Satish argued that the patent had not been worked in India and that Eisai was misusing its monopoly and causing harm to the Indian public by not making it available to patients. Satish further argued that Lorcaserin is used in the treatment of obesity, which can be a life-threatening illness. Thus, non-working of the patent was detrimental to the Indian public.

The Delhi High Court, however, rejected this argument and observed that Satish had sought marketing approval of the drug without first invoking revocation proceedings or attempting to obtain a compulsory licence under sections 83 and 84 of the Act. The Court held that non-working of a patent, particularly for a pharmaceutical product, cannot have a bearing on the rights of a patentee under section 48(1) of the Act and hence, prima facie, Eisai had a strong case for grant of interim injunction.

Important points to remember while carrying out working statement obligation

If a patentee submits that the patent has been worked, it is important to provide information relevant to the approximate revenue or value accrued in India to the patentees or licensees through manufacturing, import or licence into India.

If the patentee submits that the patent has not been worked, it is advisable to provide one or more appropriate reasons for such non-working – for example, that:

  • the commercial feasibility of the drug is still under study;
  • there is a regulatory delay; or
  • a licensee is being explored.

For further information on this topic please contact Anupam Trivedi or Deepa Tiku at K&S Partners by telephone (+91 80 4042 7900) or email ([email protected] or [email protected]).
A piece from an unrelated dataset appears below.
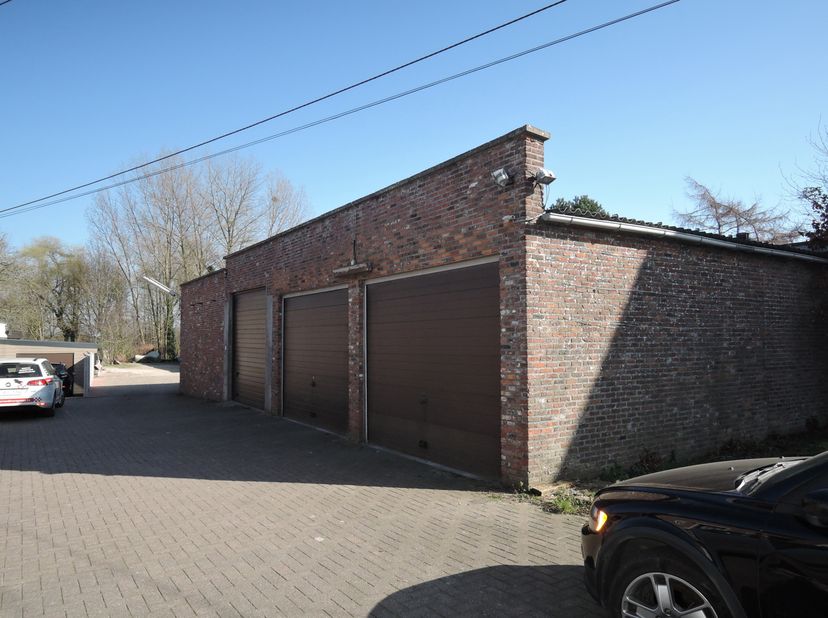 Grote garageruimte die polyvalente mogelijkheden biedt.<br />
Meer info : Sabine@vandercruyssen.be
The K&S Partners website can be accessed at www.knspartners.com.


(1) Section 48 of the Act reads as follows:

48. Rights of patentees

(1) Subject to the other provisions contained in this Act and the conditions specified in section 47, a patent granted after the commencement of this Act shall confer upon the patentee-

(a) where the patent is for an article or substance, the exclusive right by himself, his agents or licenses to make, use, exercise, sell or distribute such article or substance in India;

(b) where a patent is for a method or process of manufacturing an article or substance, the exclusive right by himself, his agents or licensees to use or exercise the method or process in India.